Banyak hal yang diajarkan secara tidak langsung oleh anak-anak asuh AAT. Seperti menemukan keluarga baru di sana. Memiliki “Mami” yang tak pernah lelah untuk memberikan wejangan, memberikan cubitan-cubitan tentang menyikapi arus hidup. Memiliki kakak-kakak yang selalu mendorong semangat untuk melayani sesama, yang selalu berteriak-teriak agar aku memiliki rasa tanggung jawab. Memiliki penasihat-penasihat yang sangat luar biasa dalam membentuk moral serta mentalku yang kurasa masih sangat lemah. Terlebih aku diberi kesempatan untuk menjadi salah satu anak asuh penerima beasiswa AAT untuk Perguruan Tinggi. Sungguh mukjizat yang sangat nyata terjadi bagi kehidupanku semenjak mengenal AAT. Meskipun keluarga baruku ini kadang terlihat sangat “galak” dan sering memberikan “tekanan”, namun itu semua ada maksudnya. Aku yakin bahwa suatu saat apapun yang telah mereka ajarkan kepadaku akan berguna di dunia luar nanti. Omelan-omelan dan wejangan dari Mami Can (Ibu Elisabeth Lies Endjang), marahan-marahan dari mas Christ, sentilan-sentilan dari kak Can (Mbak Santi Widya), dan aturan-aturan serta ketegasan dari Bruder Konrad, CSA, suatu saat nanti pasti akan sangat kurindukan meski saat ini sudah sangat lelah mendengar teriakan-teriakan dari mereka. Namun apalah jadinya diriku yang saat ini, jika 19 September 2012 yang lalu aku tidak mengenal AAT.

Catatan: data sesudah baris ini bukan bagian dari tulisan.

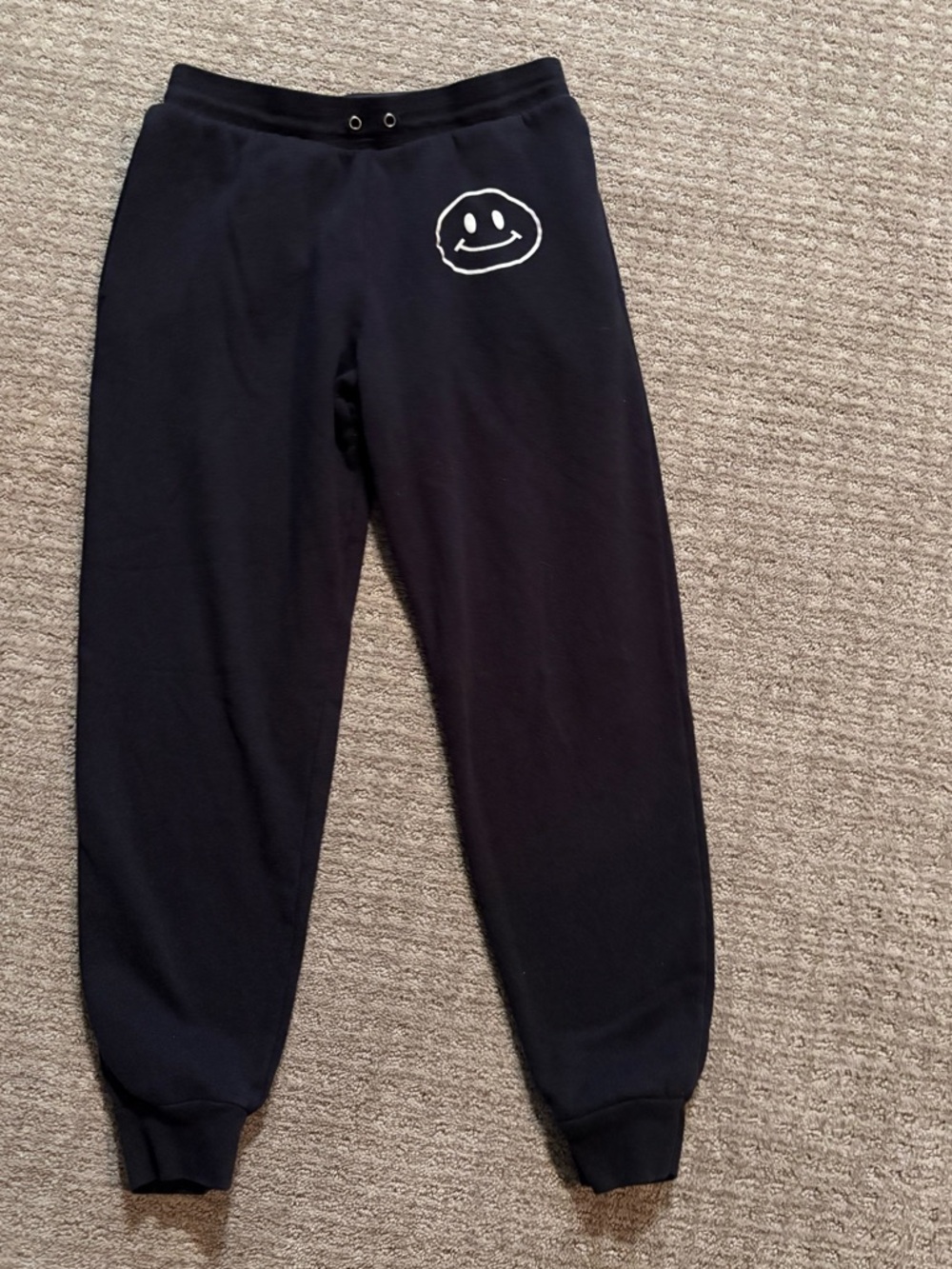 Smiley Sweatpants : Walk in Love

Sekarang tidak ada lagi Nisa yang patah semangat. Tidak ada lagi Nisa yang selalu mengeluh tentang hidup. Tidak ada lagi Nisa yang lembek untuk menghadapi dunia luar. Tidak ada lagi keluh kesah pada Tuhan, dan tidak ada lagi alasan bagiku untuk tidak bersyukur. Apalagi yang masih harus Tuhan beri untuk kita? Udara tersedia gratis bagi kita, rezeki pun selalu ada celah untuk kita terima. Semua disediakan-Nya secara gratis untuk kita. Hanya sejauh mana kita mampu memandang itu semua sebagai sebuah anugerah dari Tuhan. Semua yang terjadi di dalam hidup kita sesungguhnya adalah sebuah anugerah. Kita bahagia, senang, gembira, sedih, berduka, musibah, sakit, semua adalah anugerah dari Tuhan. Apapun yang terjadi dalam kita bukan suatu kebetulan. Tidak perlu menunggu sempurna untuk mengucapkan syukur kepada Tuhan.

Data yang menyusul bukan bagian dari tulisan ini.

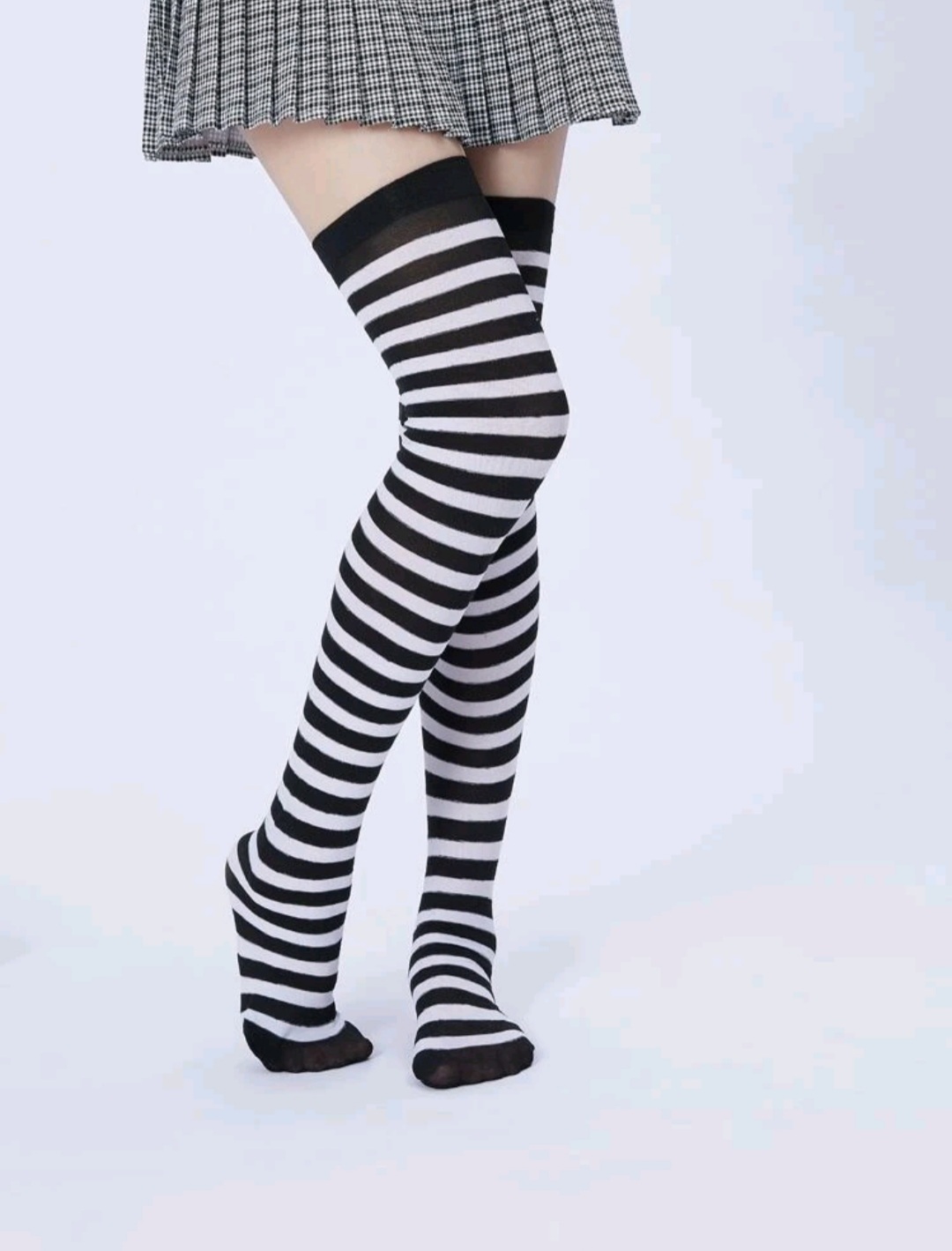 Pantimedias Ralla Blanca 1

Sekali lagi, terimakasih yang sebesar-besarnya khususnya untuk Bruder Konrad, CSA (Bruder Agustinus Samsari) yang telah banyak berjasa dalam mengubah kehidupan dan kepribadianku. Pertolongan Tuhan datang melalui Bruder Konrad, CSA dan seluruh Tim AAT. Terima kasih, semoga AAT bisa semakin membawa Terang bagi sesama dan semakin berkembang demi kecerdasan anak bangsa. Amin.